● **Exercise brief**
Everything from the line containing "Appartamento Michela Brenzone" through the last line of the material must be restated word for word, and only that.

-=-=-=-=-

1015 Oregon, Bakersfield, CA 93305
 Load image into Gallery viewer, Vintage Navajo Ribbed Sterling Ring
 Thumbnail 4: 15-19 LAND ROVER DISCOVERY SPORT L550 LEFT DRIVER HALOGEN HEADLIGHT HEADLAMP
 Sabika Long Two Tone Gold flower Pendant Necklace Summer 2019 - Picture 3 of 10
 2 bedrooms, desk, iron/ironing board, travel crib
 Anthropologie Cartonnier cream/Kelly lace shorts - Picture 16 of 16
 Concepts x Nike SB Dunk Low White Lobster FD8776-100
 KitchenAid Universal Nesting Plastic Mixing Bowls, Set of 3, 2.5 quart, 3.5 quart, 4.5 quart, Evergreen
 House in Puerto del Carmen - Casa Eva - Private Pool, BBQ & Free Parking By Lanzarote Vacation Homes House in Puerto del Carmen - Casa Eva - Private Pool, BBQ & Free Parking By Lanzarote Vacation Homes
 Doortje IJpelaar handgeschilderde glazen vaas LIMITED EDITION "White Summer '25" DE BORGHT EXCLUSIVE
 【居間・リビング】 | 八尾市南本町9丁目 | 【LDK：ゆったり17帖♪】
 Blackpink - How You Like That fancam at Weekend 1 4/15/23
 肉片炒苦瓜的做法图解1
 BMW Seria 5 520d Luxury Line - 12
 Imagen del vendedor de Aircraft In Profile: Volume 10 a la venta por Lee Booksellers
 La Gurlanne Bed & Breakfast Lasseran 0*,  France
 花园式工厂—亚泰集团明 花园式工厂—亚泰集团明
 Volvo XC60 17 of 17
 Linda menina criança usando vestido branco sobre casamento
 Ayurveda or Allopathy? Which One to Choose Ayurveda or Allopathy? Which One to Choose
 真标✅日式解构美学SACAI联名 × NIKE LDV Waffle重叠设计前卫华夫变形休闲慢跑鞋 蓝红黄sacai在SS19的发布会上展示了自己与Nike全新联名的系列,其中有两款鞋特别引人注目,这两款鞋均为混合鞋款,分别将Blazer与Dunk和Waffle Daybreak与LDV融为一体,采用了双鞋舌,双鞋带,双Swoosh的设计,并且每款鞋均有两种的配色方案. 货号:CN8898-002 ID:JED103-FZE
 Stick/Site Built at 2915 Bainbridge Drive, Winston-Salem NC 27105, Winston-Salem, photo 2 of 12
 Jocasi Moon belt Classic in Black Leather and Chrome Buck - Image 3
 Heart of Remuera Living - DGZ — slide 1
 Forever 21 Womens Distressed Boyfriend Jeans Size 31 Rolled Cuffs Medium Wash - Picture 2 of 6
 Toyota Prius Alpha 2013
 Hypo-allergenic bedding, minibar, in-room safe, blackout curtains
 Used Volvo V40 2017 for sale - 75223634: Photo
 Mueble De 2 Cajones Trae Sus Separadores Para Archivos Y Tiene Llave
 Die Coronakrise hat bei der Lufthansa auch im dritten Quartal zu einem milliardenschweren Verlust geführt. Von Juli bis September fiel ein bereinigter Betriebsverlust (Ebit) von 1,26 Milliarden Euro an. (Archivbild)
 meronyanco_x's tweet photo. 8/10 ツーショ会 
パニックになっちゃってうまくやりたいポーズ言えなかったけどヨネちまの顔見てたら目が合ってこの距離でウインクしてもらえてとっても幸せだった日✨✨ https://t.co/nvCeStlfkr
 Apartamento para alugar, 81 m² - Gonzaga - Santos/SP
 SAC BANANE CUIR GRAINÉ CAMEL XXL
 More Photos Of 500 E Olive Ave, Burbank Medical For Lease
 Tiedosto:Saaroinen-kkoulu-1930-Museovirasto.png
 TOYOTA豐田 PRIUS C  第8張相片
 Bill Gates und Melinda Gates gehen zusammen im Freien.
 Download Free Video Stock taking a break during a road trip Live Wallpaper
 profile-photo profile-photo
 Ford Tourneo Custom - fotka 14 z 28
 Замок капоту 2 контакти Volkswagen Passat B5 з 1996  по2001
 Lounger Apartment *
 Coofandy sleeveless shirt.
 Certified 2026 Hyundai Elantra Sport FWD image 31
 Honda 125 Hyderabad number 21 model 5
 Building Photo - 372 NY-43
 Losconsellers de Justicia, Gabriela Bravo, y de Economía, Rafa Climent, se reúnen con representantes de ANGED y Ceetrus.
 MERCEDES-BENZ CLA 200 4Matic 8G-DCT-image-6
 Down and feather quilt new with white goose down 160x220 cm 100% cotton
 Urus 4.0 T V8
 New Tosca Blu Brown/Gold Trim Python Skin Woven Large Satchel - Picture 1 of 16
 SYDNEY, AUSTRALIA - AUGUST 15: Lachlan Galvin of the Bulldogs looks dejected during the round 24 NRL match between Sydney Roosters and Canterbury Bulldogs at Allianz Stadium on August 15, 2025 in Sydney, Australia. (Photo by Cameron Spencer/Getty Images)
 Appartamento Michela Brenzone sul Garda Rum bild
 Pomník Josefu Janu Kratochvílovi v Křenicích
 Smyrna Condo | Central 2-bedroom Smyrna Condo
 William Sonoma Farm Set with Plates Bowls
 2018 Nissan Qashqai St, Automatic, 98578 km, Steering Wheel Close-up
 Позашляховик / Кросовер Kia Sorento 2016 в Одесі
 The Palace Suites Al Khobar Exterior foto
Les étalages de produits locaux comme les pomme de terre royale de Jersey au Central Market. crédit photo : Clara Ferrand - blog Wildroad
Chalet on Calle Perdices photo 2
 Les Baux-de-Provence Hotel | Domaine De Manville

-=-=-=-=-

● **Final answer**
 Appartamento Michela Brenzone sul Garda Rum bild
 Pomník Josefu Janu Kratochvílovi v Křenicích
 Smyrna Condo | Central 2-bedroom Smyrna Condo
 William Sonoma Farm Set with Plates Bowls
 2018 Nissan Qashqai St, Automatic, 98578 km, Steering Wheel Close-up
 Позашляховик / Кросовер Kia Sorento 2016 в Одесі
 The Palace Suites Al Khobar Exterior foto
Les étalages de produits locaux comme les pomme de terre royale de Jersey au Central Market. crédit photo : Clara Ferrand - blog Wildroad
Chalet on Calle Perdices photo 2
 Les Baux-de-Provence Hotel | Domaine De Manville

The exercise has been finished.